Most people get stumped right here. How do you diffuse an angry resident or prospect without making the situation even worse? How much do you say in your defense?
If you’ve ever found yourself in a difficult predicament like this, you’ll want to keep reading because I got a great answer to those questions from my 17 year old son last week. My son, Andrew, recently got his first job at a well-respected fast food restaurant known for their polite staff. After his first day of training, he came home and shared a valuable life lesson that he learned.
He said, “Mom, I’ve learned something that I can use the rest of my life!”
When I asked, he explained that what he learned was called L.A.S.T. It is the ultimate Customer Service Manifesto.
When you encounter an unhappy customer, just remember L.A.S.T.
L – Listen. Listen to their complaint with genuine empathy.
A – Apologize. Apologize for their unhappiness – regardless of who or what created it.
S – Solve. Figure out what you need to do to Solve the problem or complaint.
T – Thank. Thank them for sharing their concern and bringing the issue to your attention. You can even thank them for their patience.
Using L.A.S.T. is a technique to turn a bad situation around so that you and your community can finish FIRST.
But how does L.A.S.T. look in real life?
Let’s say that you made a prospect angry by calling at a bad time and waking them from a nap. You can understand why they might be unhappy with you.
L.A.S.T. may look like this in that situation:
Listen while they tell you how frustrated they are that you woke them, and how badly they need to rest because they don’t sleep very well at night these days. Continue to listen while they further elaborate about how they can’t get any peace with all these people calling at all hours of the day and night. Nod your head and tell them you understand. Try not to interrupt and maintain eye contact to verify to them that you are genuinely listening.
Apologize for the inconvenience and disruption and let them know how sorry you are for your timing. Let them know that you, too, hate to be awakened from sleep. Ask for their forgiveness. Be genuine!
Solve the problem by telling them you won’t ever call between X and Y hours again. And make a note in your system with the times that they would prefer you call them in the future. Possibly go the second mile by offering them something. If you don’t know how you can solve the problem, politely ask them to suggest a way you can solve it.
And then thank them for their forgiveness and patience with your faux paux.
L.A.S.T. is a simple technique that works and is easy to remember and use. I’ve already given it a spin this week and it worked like magic.
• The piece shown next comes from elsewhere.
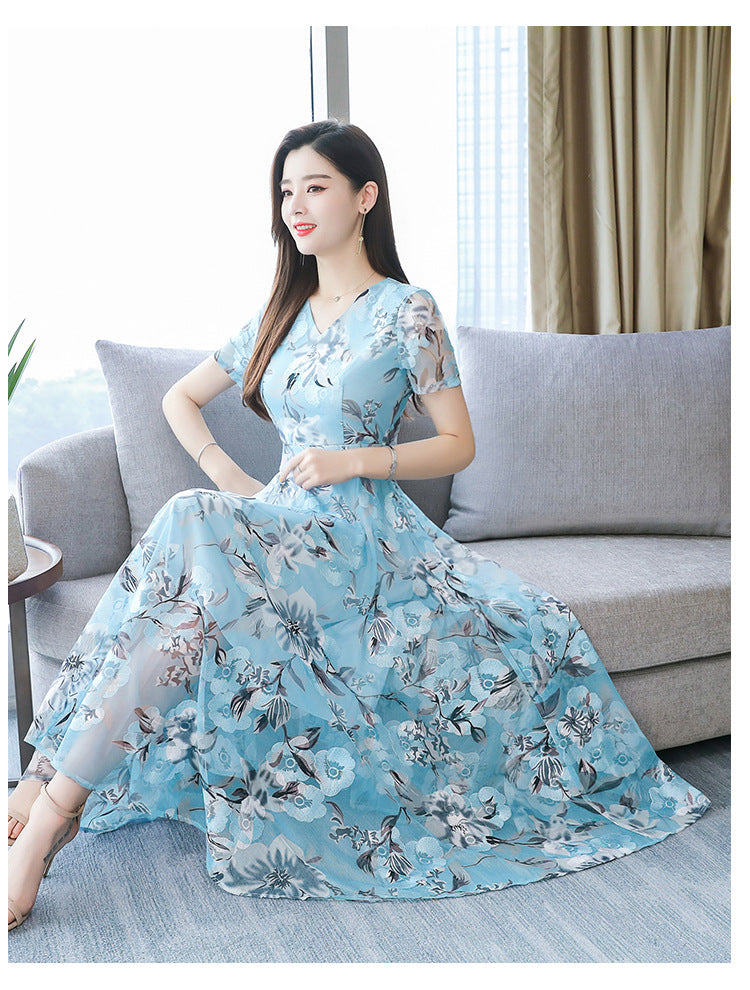 Floral Long Skirt Plus Size Printed Dress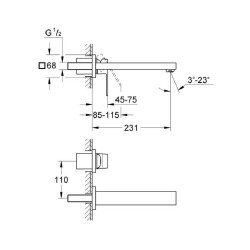 Grohe Eurocube İki Delikli Lavabo Bataryası M 23447000 - 2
Often, an upset resident will come around to trust you even more, if you handle the problem properly and with respect.
When a person does bring up a problem, make sure they know that you care about the problem and that you want to fix it. Once corrected, these people can be your most loyal customers. By responding positively with L.A.S.T., you will cement already loyal customers into faithful, devoted customers. Being genuine assures the customer that you really do want to help their situation.
Give L.A.S.T. a try for yourself. I think you’ll find that by starting with L.A.S.T., you will finish FIRST more often than not.